KUALA LUMPUR, 24 October 2025 — The Malaysian ringgit gained ground against the U.S. dollar at the opening foreign-exchange session on Friday, buoyed by cautious sentiment ahead of the release of the United States’ consumer price index (CPI) report later in the day.
At around 8:02 a.m., the ringgit strengthened to RM4.2190/4.2285 per U.S. dollar, up from RM4.2250/4.2285 at Thursday’s close.
According to Dr Mohd Afzanizam Abdul Rashid, Chief Economist at Bank Muamalat Malaysia Bhd, the market is focused on the U.S. CPI figure for September, which is forecast to show an increase of 3.1% following August’s 2.9% rise. He noted that the U.S. dollar index (DXY) had been trading between 98 and 99, and signalled that the ringgit is likely to “trade in a narrow range around RM4.22 to RM4.23” today.
In addition to the greenback, the ringgit also displayed strength against some major and regional currencies:
- Against the British pound: RM5.6227/6.353 from RM5.6395/6.442.
- Versus the Japanese yen: RM2.7655/7.719 from RM2.7687/7.712.
- Against the Singapore dollar: RM3.2491/2.570 from RM3.2513/2.542.
- Versus the Philippine peso: RM7.20/7.22 from RM7.21/7.22.
Context & Implications
The ringgit’s modest appreciation comes amid a global backdrop of heightened attention on U.S. inflation, where the forthcoming CPI data could influence the trajectory of U.S. monetary policy, and by extension, currency and capital-flow dynamics in Asia.
A softer than expected U.S. inflation reading might reduce pressure on the U.S. Federal Reserve to maintain a hawkish stance, potentially weakening the U.S. dollar and supporting Asian currencies including the ringgit. On the flip side, a higher-than-expected print could reinforce dollar strength and weigh on regional currencies.

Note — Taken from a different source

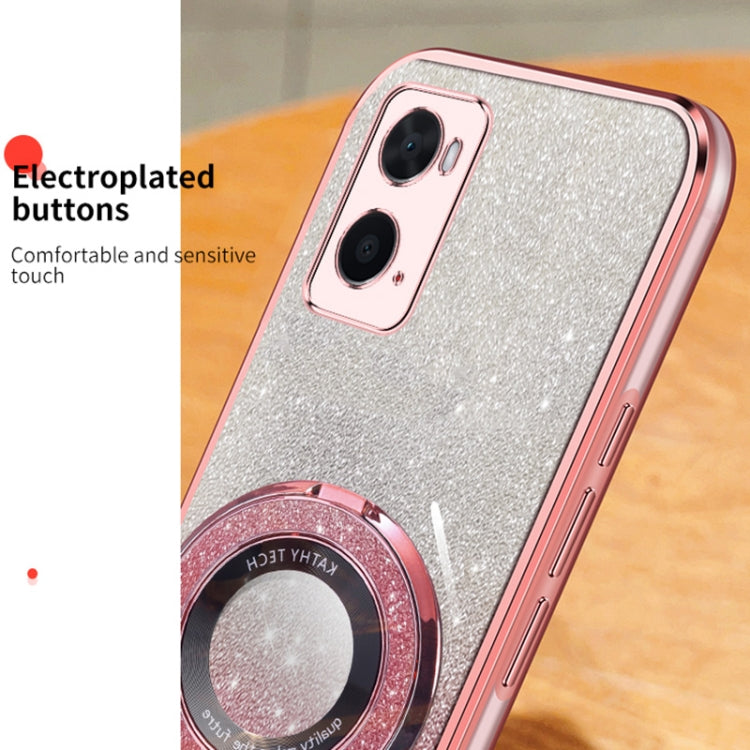For OPPO A36 / A76 4G Plated Gradient Glitter Round Holder TPU Phone Case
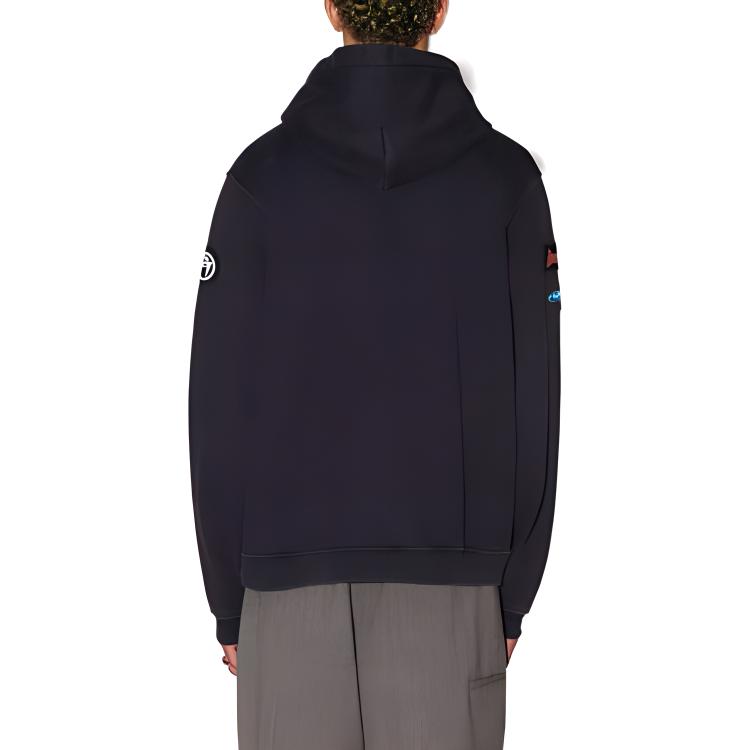 Shop AMBUSH FW23 藍色拼接款式男女連帽衫。 BMBB030F23FLE0014646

For Malaysia, an upbeat ringgit opens up several implications:
- Import cost management: A firmer currency helps ease pressure on imported inputs and raw materials, potentially helping to manage inflation.
- Capital flows: Positive currency moves can bolster investor confidence and encourage foreign portfolio inflows, particularly in the Malaysian bond and equity market.
- Export competitiveness: A stronger ringgit may slightly erode the competitiveness of exported goods, although a narrow range movement (as suggested) may mitigate this risk.
- Regional spill-overs: Given that the ringgit also strengthened versus several ASEAN currencies, Malaysia appears to be participating in broader regional currency dynamics, where safe-haven flows, commodity prices, and global risk sentiment are all in play.
Outlook
In the near term, the ringgit’s path is likely to remain range-bound, as flagged by analysts, pending the U.S. CPI release and further developments in global markets. Absent a surprise, the MYR USD pair is expected to oscillate around the RM4.22-4.23 mark.
Over the medium term, Malaysia’s currency will remain sensitive to:
- U.S. monetary policy decisions and dollar strength.
- Global commodity and energy prices (which impact Malaysia’s terms of trade).
- Domestic inflation and interest-rate developments under Bank Negara Malaysia.
- Broader regional and global risk-sentiment patterns.